To address this, we reframe ZSTAL as a compositional reasoning task and propose CASCADE (Context-Aware Staged Action DEcomposition), a novel training-free framework. Inspired by the human cognitive process—perceiving global context, decomposing events into stages, and reconstructing action instances—CASCADE:

Leverages an MLLM to filter irrelevant actions and generate rich, video-specific captions.
Uses an LLM to decompose each caption into temporally ordered key and non-key stages.
Employs the MLLM to perform stage-wise frame-level confidence estimation.
Applies a novel hierarchical merging logic to reconstruct complete action instances from stage segments.

Extensive experiments on THUMOS14 and ActivityNet-1.3 show that CASCADE sets a new state-of-the-art among training-free methods and, most notably, significantly surpasses all prior training-based ZSTAL approaches on ActivityNet-1.3.

✨ Highlights

🏆 Training-Free SOTA: CASCADE outperforms all prior training-free ZSTAL methods on both THUMOS14 and ActivityNet-1.3.
🚀 Surpasses Training-Based Methods: On ActivityNet-1.3, our training-free approach outperforms all training-based ZSTAL competitors (e.g., +7.0% mAP over DeTAL under the 75/25 split).
🧠 Compositional Reasoning: The first ZSTAL framework to explicitly model the internal stage structure of complex actions via LLM-driven decomposition.
🔌 Plug-and-Play: Operates solely with off-the-shelf MLLMs (e.g., Qwen2.5-VL, LLaVA-1.5) and LLMs (e.g., DeepSeek-V3)—no task-specific fine-tuning required.

🏗️ Framework Overview

CASCADE consists of four sequential modules:

Step	Module	Description
1	Context-Guided Action Filtering	MLLM identifies which actions from the predefined set actually occur in the video.
2	Stage-Aware Decomposition	MLLM generates a video-specific caption; LLM decomposes it into ordered key/non-key stages.
3	Stage-wise Confidence Estimation	MLLM computes frame-level confidence scores for each stage in a single batched forward pass.
4	Compositional Action Reconstruction	A hierarchical merging logic fuses stage segments into complete, coherent action instances.
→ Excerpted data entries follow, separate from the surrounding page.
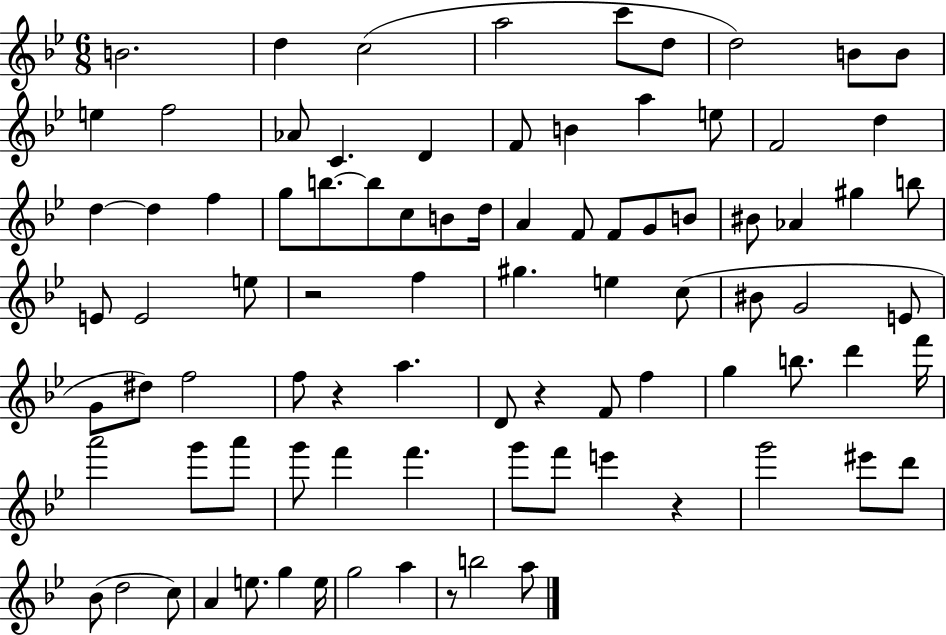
X:1
T:Untitled
M:6/8
L:1/4
K:Bb
B2 d c2 a2 c'/2 d/2 d2 B/2 B/2 e f2 _A/2 C D F/2 B a e/2 F2 d d d f g/2 b/2 b/2 c/2 B/2 d/4 A F/2 F/2 G/2 B/2 ^B/2 _A ^g b/2 E/2 E2 e/2 z2 f ^g e c/2 ^B/2 G2 E/2 G/2 ^d/2 f2 f/2 z a D/2 z F/2 f g b/2 d' f'/4 a'2 g'/2 a'/2 g'/2 f' f' g'/2 f'/2 e' z g'2 ^e'/2 d'/2 _B/2 d2 c/2 A e/2 g e/4 g2 a z/2 b2 a/2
Figure: Illustration of stage-aware localization. Decomposing "Baking cookies" into sub-stages (cutting chocolate → mixing ingredients → baking) yields significantly more precise localization than a single-query approach.

📁 Project Structure

AAAI26-CASCADE/
├── annotation/                        # Annotation files for datasets
│   ├── activity_net.v1-3.min.json     # ActivityNet-1.3 annotations
│   └── thumos_anno_action.json        # THUMOS14 annotations
├── code/                              # Core implementation of CASCADE
│   ├── 1category.py                   # Step 1: Context-Guided Action Filtering
│   ├── 2caption.py                    # Step 2: Video-specific caption generation
│   ├── 3stage.py                      # Step 3: Stage-Aware Decomposition (LLM)
│   ├── 4localization.py               # Step 4: Stage-wise Confidence Estimation
│   ├── 5merge.py                      # Step 5: Compositional Action Reconstruction
│   └── 6value.py                      # Step 6: Evaluation & metrics
├── paper/
│   ├── 29083.pdf                      # Paper PDF
│   ├── framework.png                  # Framework overview figure
│   ├── scores.png                     # Performance score visualization
│   └── video-stage.png                # Video stage decomposition illustration
├── LICENSE
└── README.md

⚙️ Installation

Requirements

Python >= 3.8
PyTorch >= 2.0
CUDA-compatible GPU (experiments run on NVIDIA A100 80GB)

Setup

# Clone the repository
git clone https://github.com/iLearn-Lab/AAAI26-CASCADE.git
cd AAAI26-CASCADE

# Create a virtual environment (recommended)
conda create -n cascade python=3.10 -y
conda activate cascade

# Install dependencies
pip install -r requirements.txt

Model Weights

CASCADE is training-free and relies on the following off-the-shelf pretrained models:

Role	Model	Source
Backbone MLLM (option 1)	Qwen2.5-VL-7B	HuggingFace
Backbone MLLM (option 2)	LLaVA-1.5-7B	HuggingFace
Stage Decomposition LLM	DeepSeek-V3	DeepSeek API

📊 Dataset / Benchmark

CASCADE is evaluated on two standard ZSTAL benchmarks:

THUMOS14

20 sports action classes, 200 training / 213 test videos.
Evaluation at tIoU thresholds: {0.3, 0.4, 0.5, 0.6, 0.7}.

ActivityNet-1.3

200 action classes, ~20K videos across train/val/test splits.
Evaluation at tIoU thresholds: {0.5, 0.75, 0.95}.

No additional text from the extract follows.